## [What is needed]
Read the data below line by line and copy each one with "Photo" in it.

## [Data supplied]
-.-.-
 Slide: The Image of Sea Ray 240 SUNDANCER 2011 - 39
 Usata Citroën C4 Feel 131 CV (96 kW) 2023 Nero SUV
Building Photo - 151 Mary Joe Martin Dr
-.-.-
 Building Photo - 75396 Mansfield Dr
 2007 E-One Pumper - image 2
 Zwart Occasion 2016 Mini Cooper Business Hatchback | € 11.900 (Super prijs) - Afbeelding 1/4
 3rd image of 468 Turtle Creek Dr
-.-.-
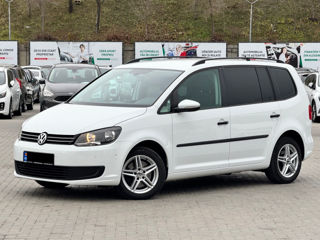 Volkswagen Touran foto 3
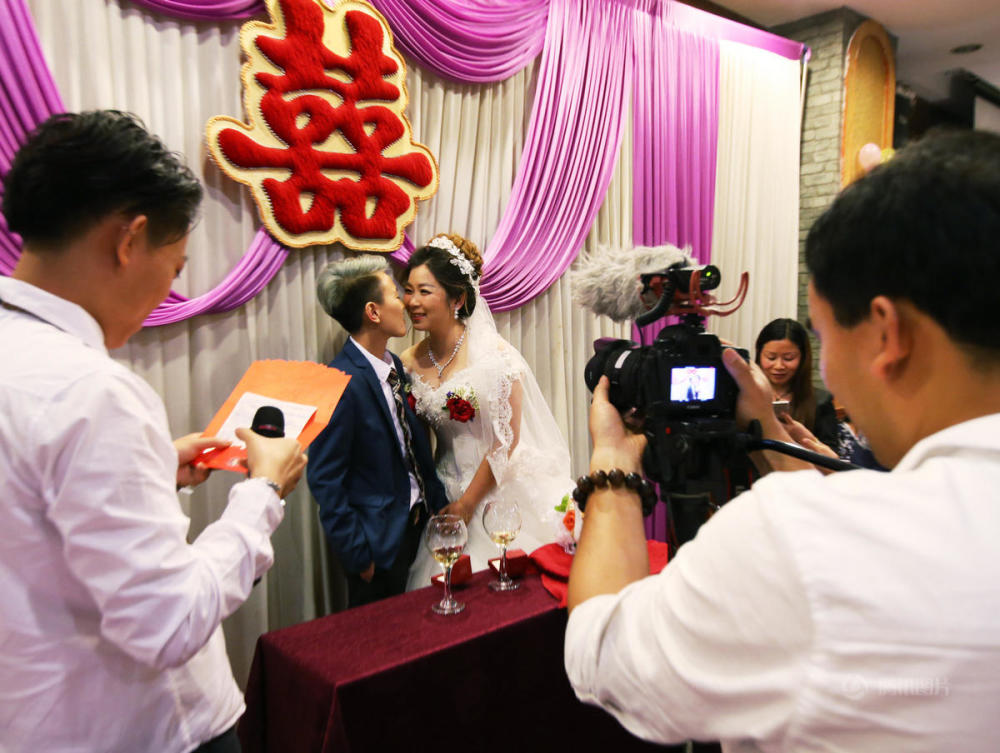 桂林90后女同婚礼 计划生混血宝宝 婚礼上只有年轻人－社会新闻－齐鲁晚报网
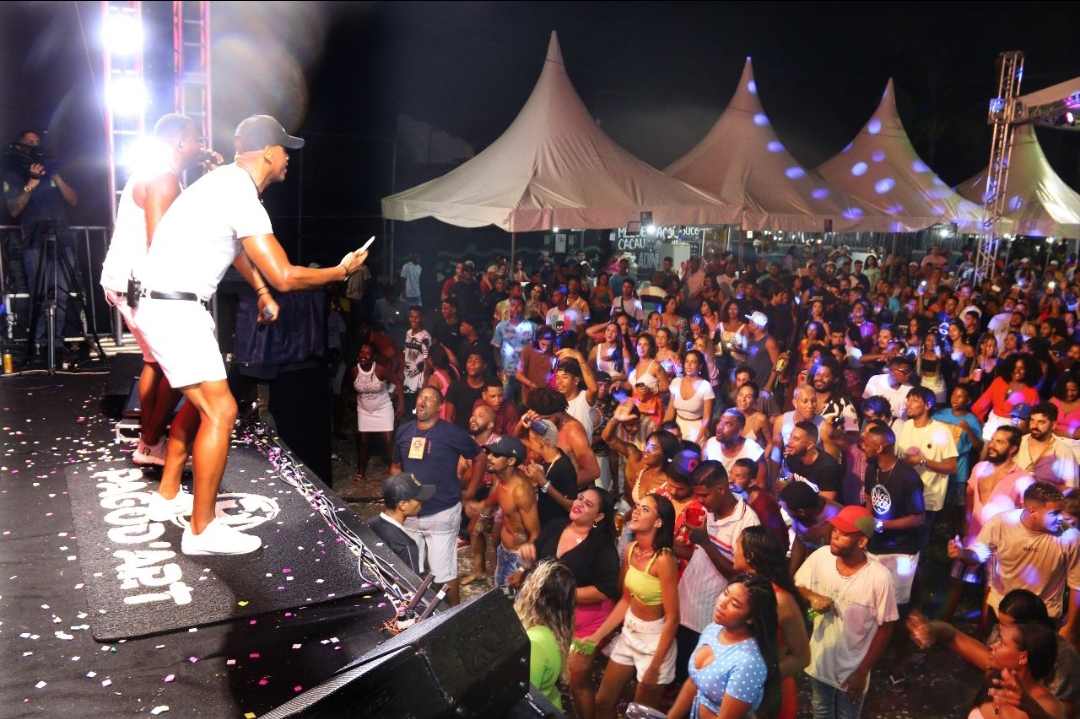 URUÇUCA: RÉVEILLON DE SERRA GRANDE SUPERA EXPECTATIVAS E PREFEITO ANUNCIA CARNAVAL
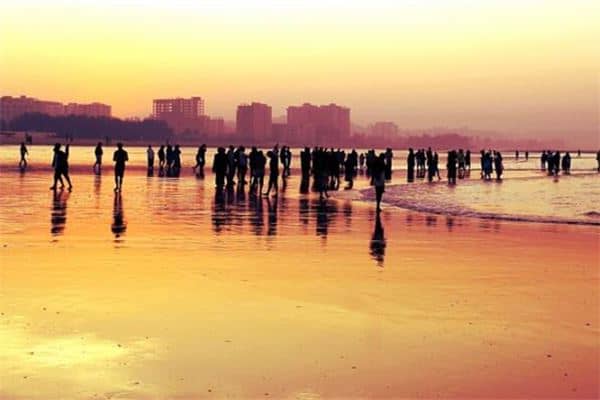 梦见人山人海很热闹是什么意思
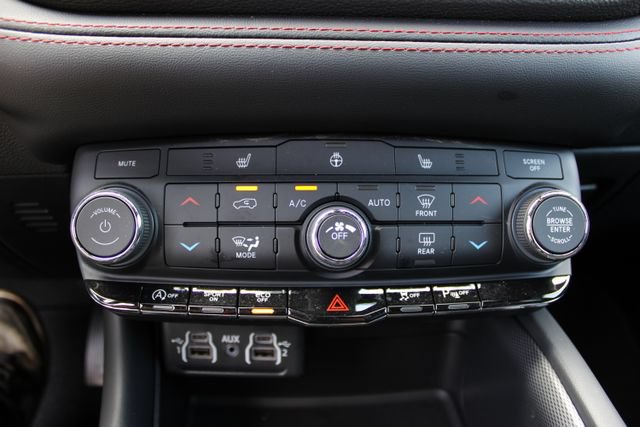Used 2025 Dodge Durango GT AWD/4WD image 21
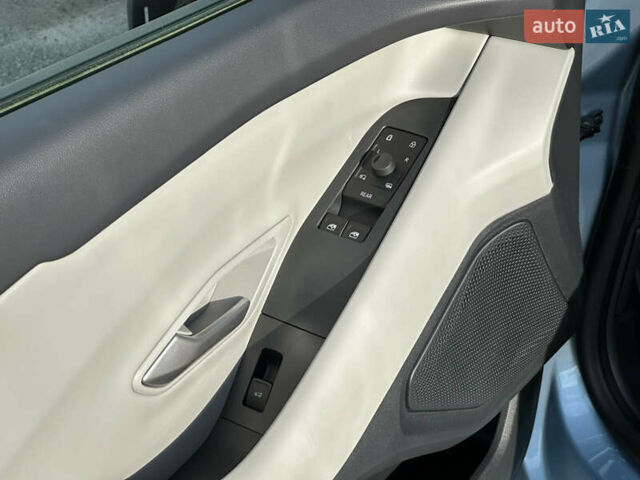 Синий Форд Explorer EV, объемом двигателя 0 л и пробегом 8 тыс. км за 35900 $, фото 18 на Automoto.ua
-.-.-
## [Result of the task]
Building Photo - 151 Mary Joe Martin Dr
 Building Photo - 75396 Mansfield Dr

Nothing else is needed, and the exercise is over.